◆ **BRIEF**:
Please return the lines below verbatim, beginning at the one that has "Sheer turtle neck long sleeve" and stopping after the one that has "FUMIYA HIRANO OXFORD", and add no other lines.

[Short web captions]
● ● ● ● ●

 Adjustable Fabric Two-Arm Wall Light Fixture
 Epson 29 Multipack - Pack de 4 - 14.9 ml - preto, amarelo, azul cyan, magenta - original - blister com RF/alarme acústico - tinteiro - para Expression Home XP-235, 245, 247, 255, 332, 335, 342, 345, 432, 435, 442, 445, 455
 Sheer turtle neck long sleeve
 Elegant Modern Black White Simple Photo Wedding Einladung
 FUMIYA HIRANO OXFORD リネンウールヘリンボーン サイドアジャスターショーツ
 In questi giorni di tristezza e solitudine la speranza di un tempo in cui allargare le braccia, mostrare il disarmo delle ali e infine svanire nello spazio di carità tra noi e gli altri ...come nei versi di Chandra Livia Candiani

● ● ● ● ●

◆ **EXERCISE RESPONSE**:
 Sheer turtle neck long sleeve
 Elegant Modern Black White Simple Photo Wedding Einladung
 FUMIYA HIRANO OXFORD リネンウールヘリンボーン サイドアジャスターショーツ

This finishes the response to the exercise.